Block 126 compares the global counter and the threshold. Block 128 determines whether the global counter is greater than or equal to the threshold. If not, block 128 transfers control via the NO path to block 112 to perform the method again. If the global counter is greater than or equal to the threshold, block 128 transfers control to block 130 via the YES path.
Block 130 is initiated, and heuristic agent 40 automatically disconnects network controller 20 from the network 50. Lastly, block 132 is executed, and heuristic agent 40 transmits an alert indication to network manager 60 of the outage of network controller 20. The process is then ended. In an alternate embodiment, block 130 may adjust traffic flow as a first-level measure before reaching a decision that the cause is definitely a computer virus or worm.
It should be noted that the methods described herein do not have to be executed in the order described, or in any particular order. Moreover, various activities described with respect to the methods identified herein can be executed in serial or parallel fashion.
It will be understood that although “Start” and “End” blocks are shown, the method may be performed continuously.

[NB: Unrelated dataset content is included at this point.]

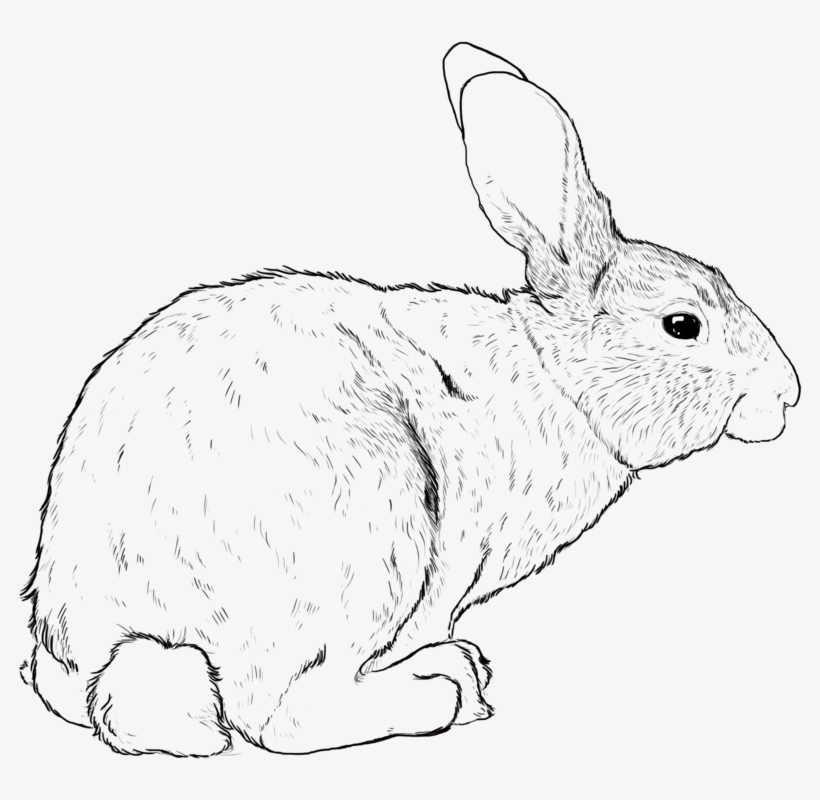 Rabbit, transparent png download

As mentioned earlier in the “Background” section, computer viruses are programmed to do harm to a computing platform. Computer viruses may be spread from one computer to another by human beings sending executable files to unsuspecting users.
A worm is similar to a computer virus, but unlike a virus, it has the ability to travel without any help from a human being. A worm may take advantage of file or information transport features of a telecommunication system that allow it to travel unaided. Worms have the ability to replicate themselves. For example, one worm might send out hundreds or thousands of copies of itself to other computers or communication nodes. For example, all the addresses in an email address book may be used to transmit the worm.
Computer worms may scan and send copies of itself at a high rate, and detection of such by human beings is typically impossible. As a result, the heuristic agent 40 and network data collector 25 operate to rapidly detect computer viruses or worms at the speed of software.
Although some embodiments of the invention have been illustrated, and those forms described in detail, it will be readily apparent to those skilled in the art that various modifications may be made therein without departing from the spirit of these embodiments or from the scope of the appended claims.